::: PROVIDED MATERIAL

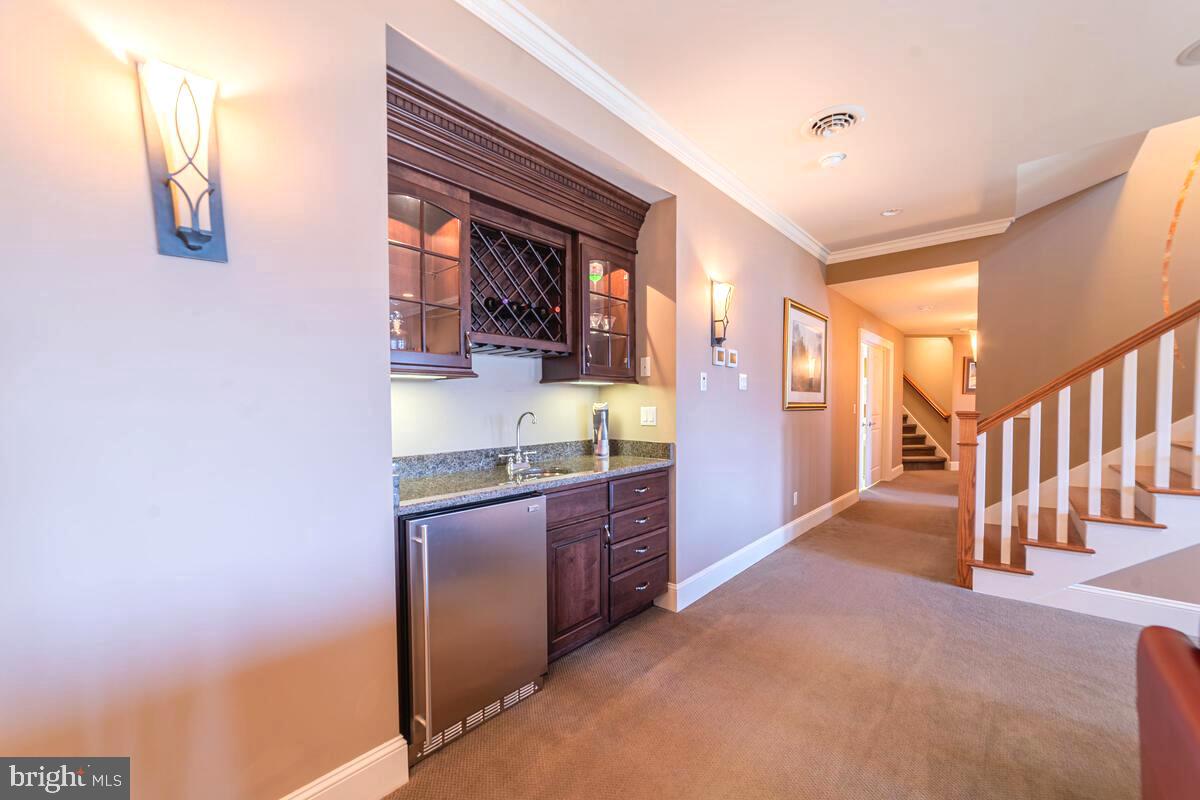 ROCK LODGE ROAD - Residential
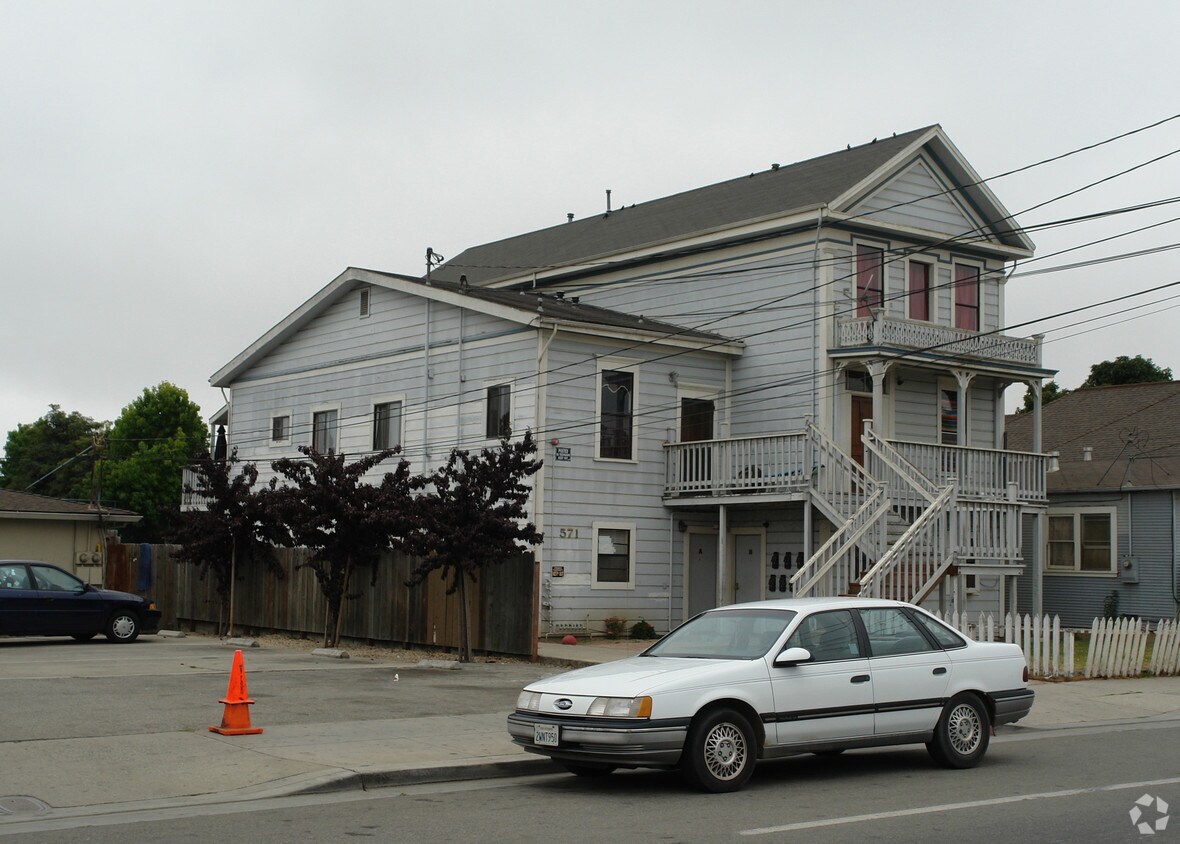 Building Photo - 571 Rodriguez St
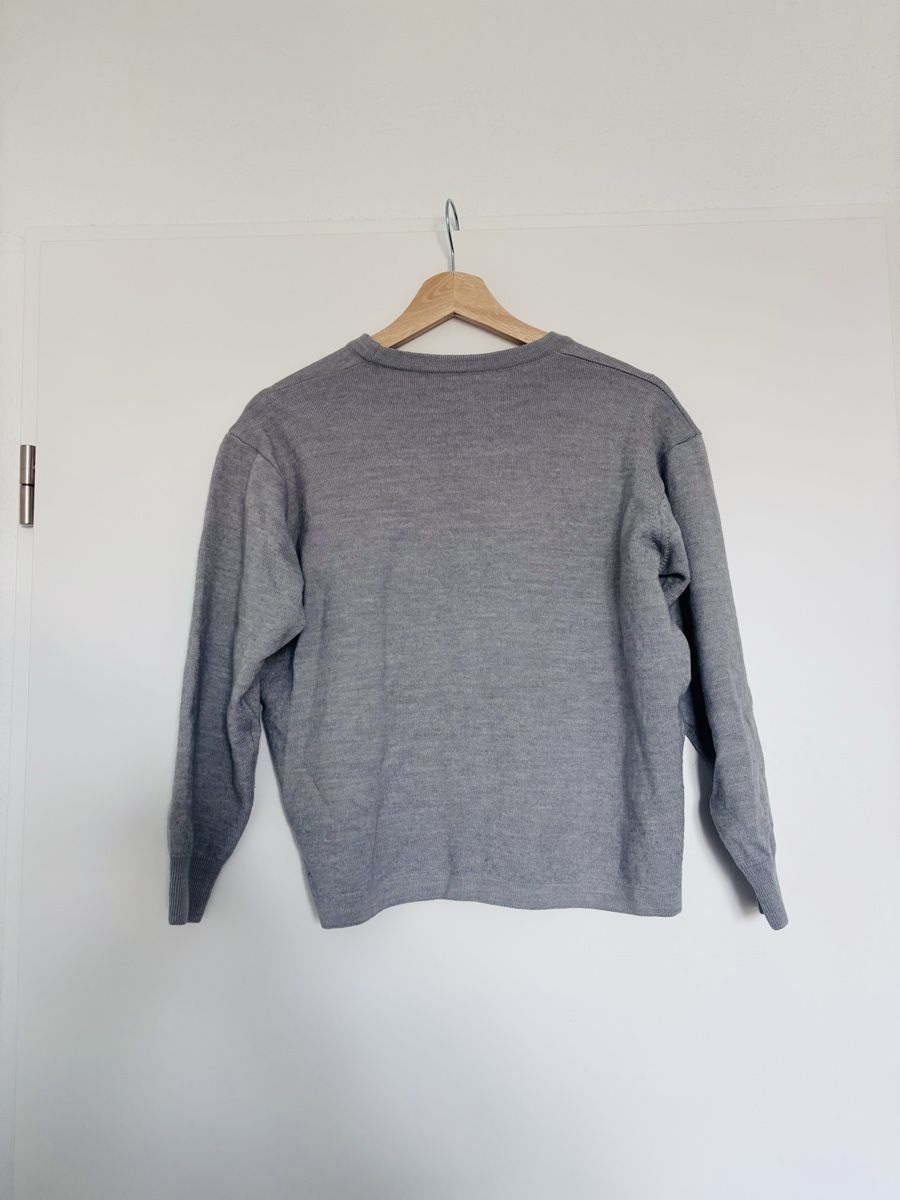 Pulls & Sweat-shirts: Grey Wool Cardigan – Soft, Simple & Timeless 🤍 – D'occasion à Zürich par gia_h8kg 3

::::::

- _TASK GOAL_
Copy out the data above to the letter, and keep every picture out of it.

- _REPLY TO THE TASK_
 ROCK LODGE ROAD - Residential
 Building Photo - 571 Rodriguez St
 Pulls & Sweat-shirts: Grey Wool Cardigan – Soft, Simple & Timeless 🤍 – D'occasion à Zürich par gia_h8kg 3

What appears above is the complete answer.